• THE DATA
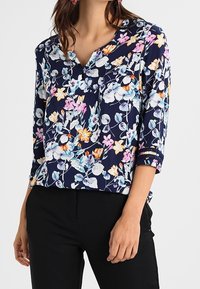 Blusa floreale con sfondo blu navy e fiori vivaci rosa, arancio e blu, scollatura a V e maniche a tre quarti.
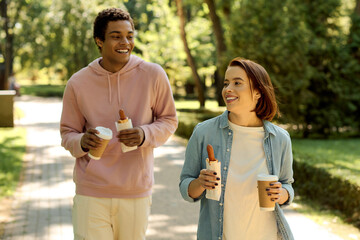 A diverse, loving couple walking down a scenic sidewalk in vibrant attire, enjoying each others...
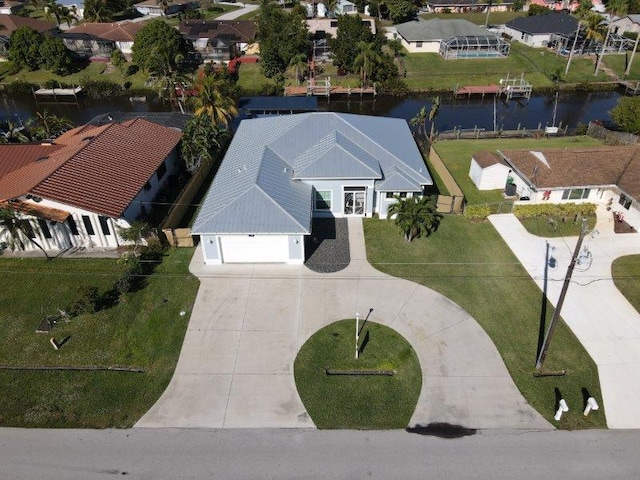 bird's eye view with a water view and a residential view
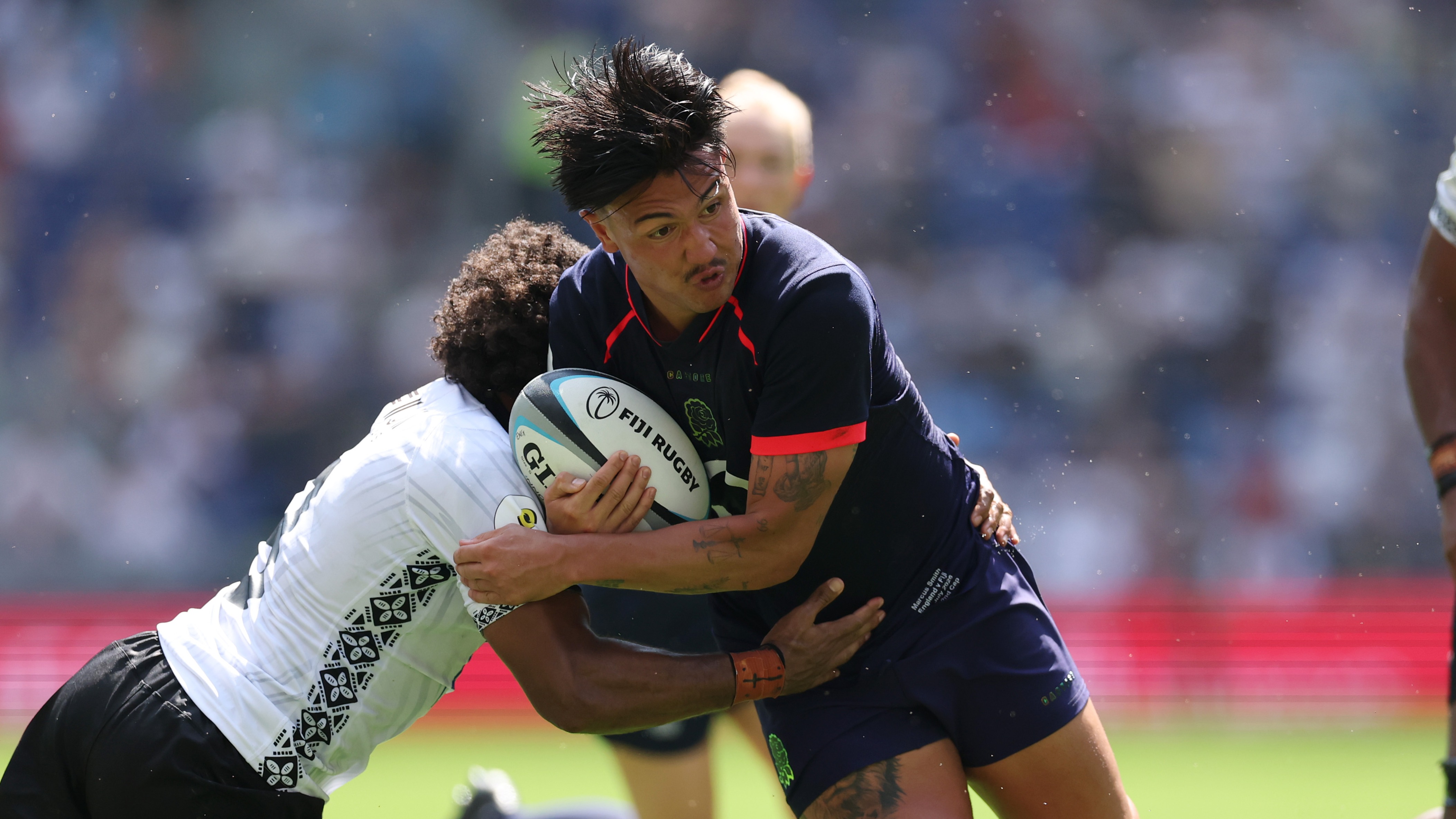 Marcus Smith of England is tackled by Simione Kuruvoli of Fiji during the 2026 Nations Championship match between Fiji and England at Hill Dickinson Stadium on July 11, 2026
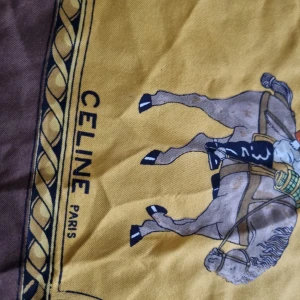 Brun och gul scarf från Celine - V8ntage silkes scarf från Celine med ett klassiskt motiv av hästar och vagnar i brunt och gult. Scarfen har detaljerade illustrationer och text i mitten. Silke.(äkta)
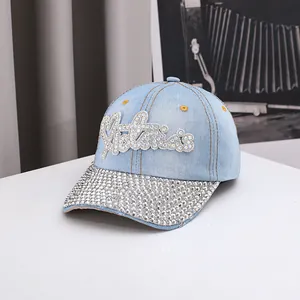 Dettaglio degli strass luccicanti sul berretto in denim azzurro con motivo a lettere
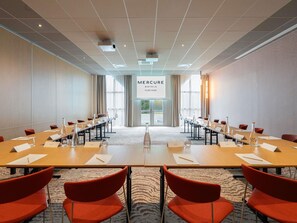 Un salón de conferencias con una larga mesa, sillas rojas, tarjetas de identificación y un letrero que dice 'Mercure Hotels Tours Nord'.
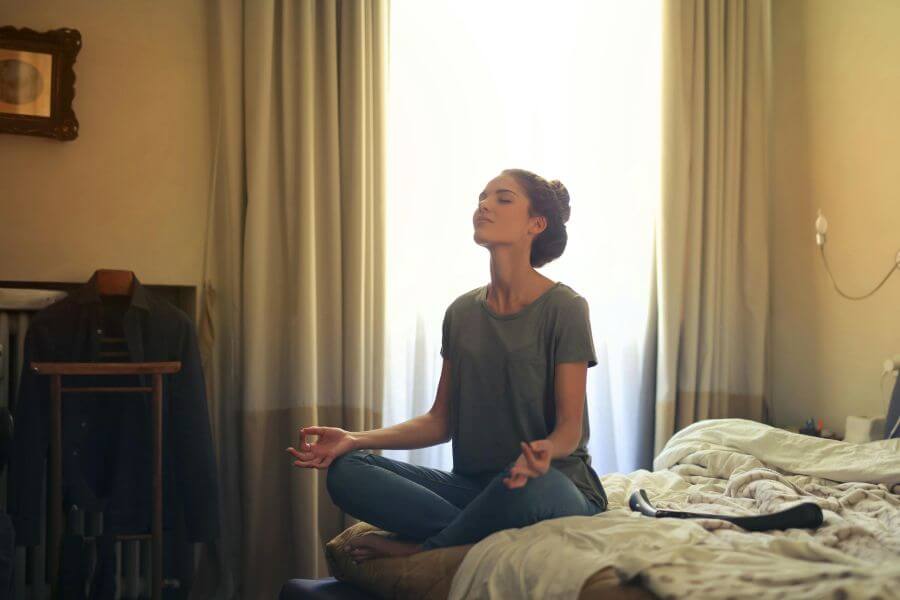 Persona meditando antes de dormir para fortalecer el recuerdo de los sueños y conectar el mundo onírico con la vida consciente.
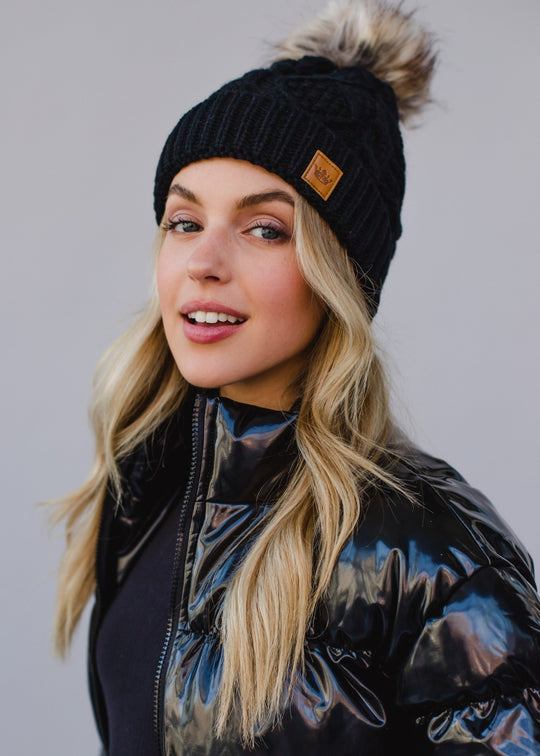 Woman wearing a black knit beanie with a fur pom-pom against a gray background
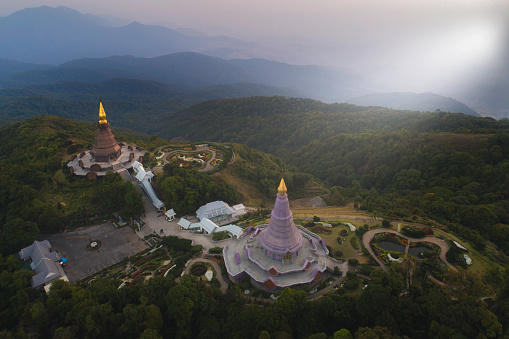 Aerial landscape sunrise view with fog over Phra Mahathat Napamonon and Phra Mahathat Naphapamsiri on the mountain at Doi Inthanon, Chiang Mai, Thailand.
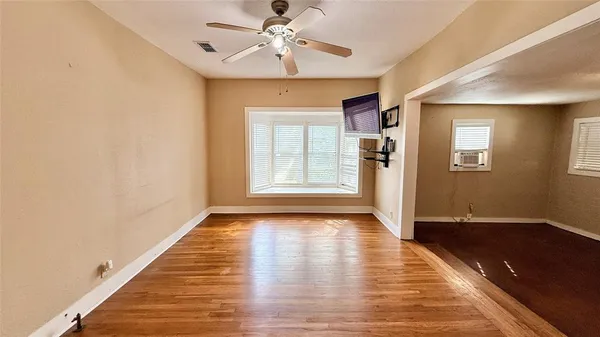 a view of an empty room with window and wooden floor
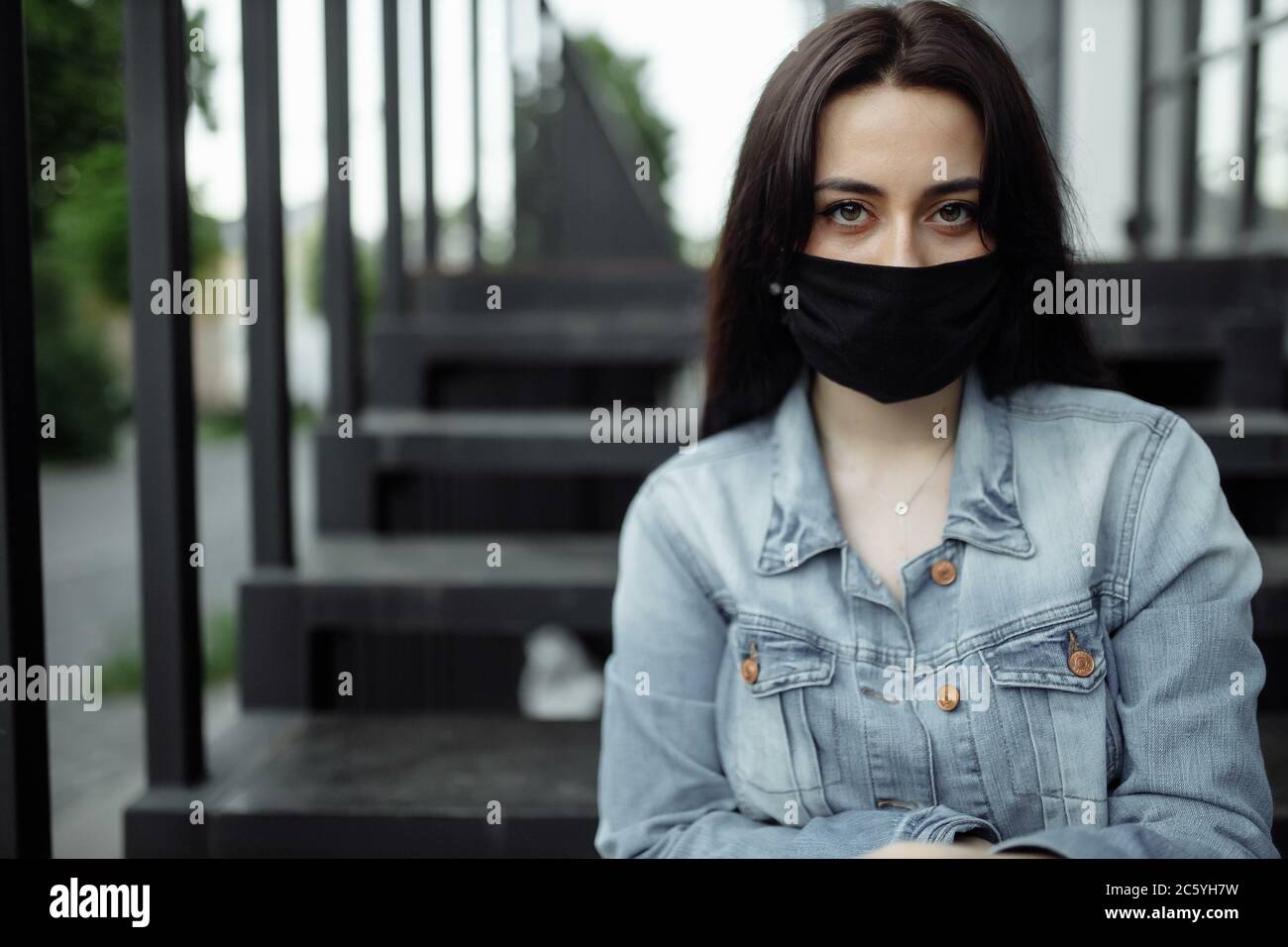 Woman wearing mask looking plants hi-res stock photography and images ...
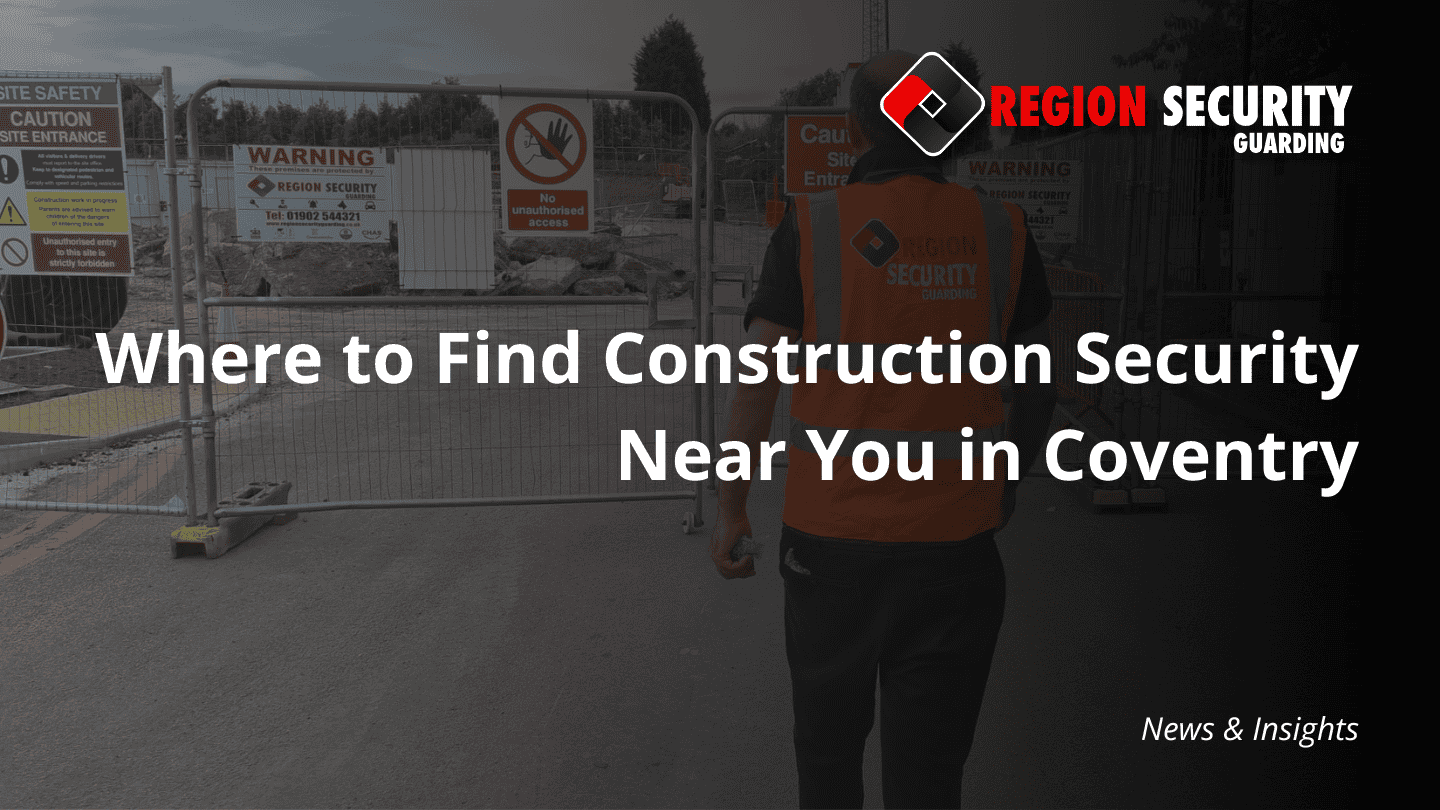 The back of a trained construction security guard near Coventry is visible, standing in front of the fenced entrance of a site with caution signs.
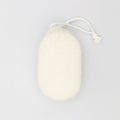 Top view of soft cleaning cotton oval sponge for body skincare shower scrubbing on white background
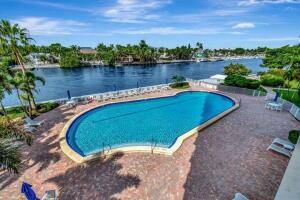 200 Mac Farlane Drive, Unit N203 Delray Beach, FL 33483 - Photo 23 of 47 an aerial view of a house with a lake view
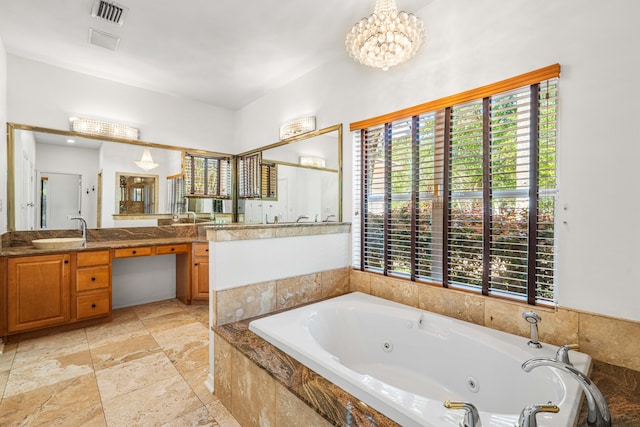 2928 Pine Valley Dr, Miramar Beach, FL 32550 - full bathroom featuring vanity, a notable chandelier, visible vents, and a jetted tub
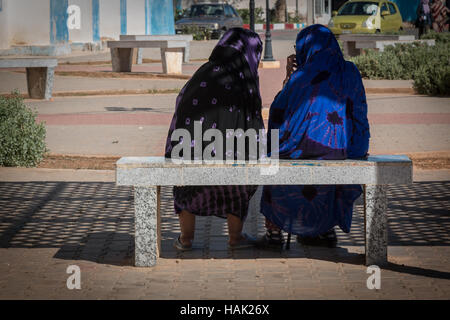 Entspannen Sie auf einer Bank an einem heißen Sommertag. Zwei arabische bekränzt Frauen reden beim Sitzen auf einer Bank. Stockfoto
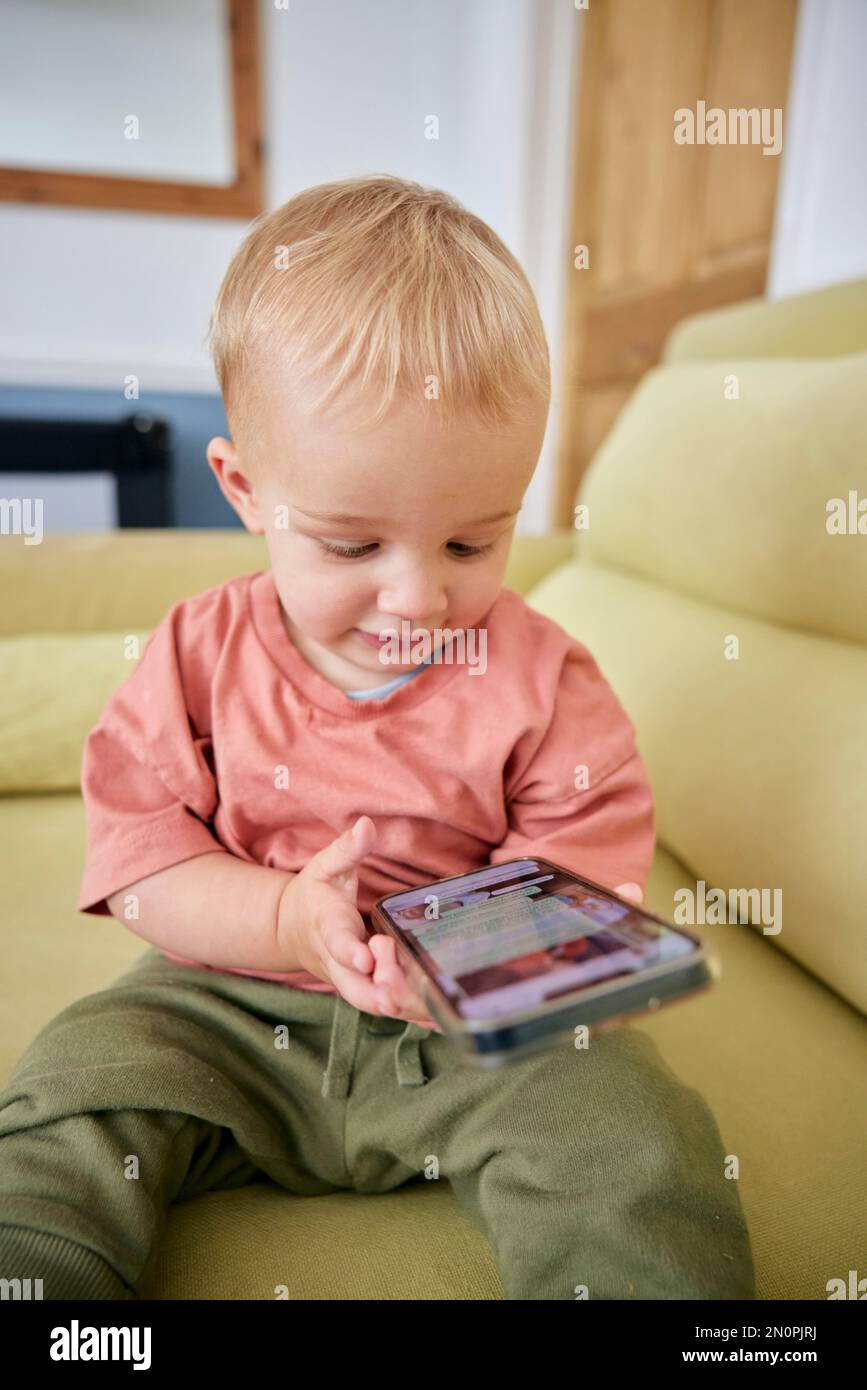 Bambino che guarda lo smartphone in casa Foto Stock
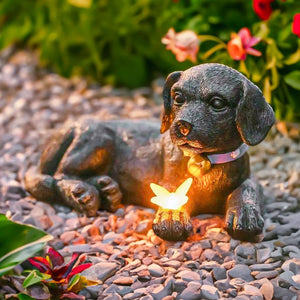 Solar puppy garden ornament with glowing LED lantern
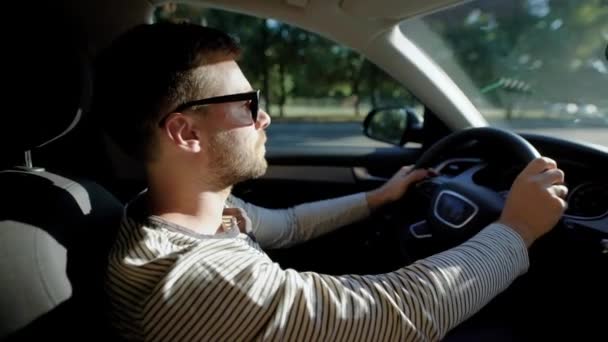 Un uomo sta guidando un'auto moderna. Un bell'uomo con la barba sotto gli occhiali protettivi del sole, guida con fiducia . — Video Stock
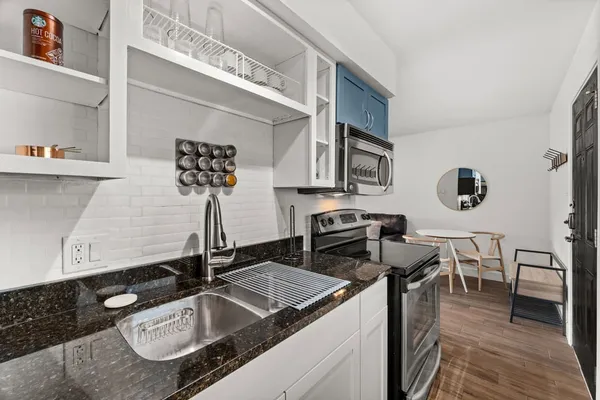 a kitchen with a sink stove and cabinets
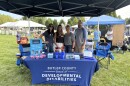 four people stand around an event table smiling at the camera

• YOUR ASSIGNMENT
Leave the pictures out and output exactly the lines above, from the start of the listing through the line with "Marcus Smith of".

• REPLY TO THE TASK
 Blusa floreale con sfondo blu navy e fiori vivaci rosa, arancio e blu, scollatura a V e maniche a tre quarti.
 A diverse, loving couple walking down a scenic sidewalk in vibrant attire, enjoying each others...
 bird's eye view with a water view and a residential view
 Marcus Smith of England is tackled by Simione Kuruvoli of Fiji during the 2026 Nations Championship match between Fiji and England at Hill Dickinson Stadium on July 11, 2026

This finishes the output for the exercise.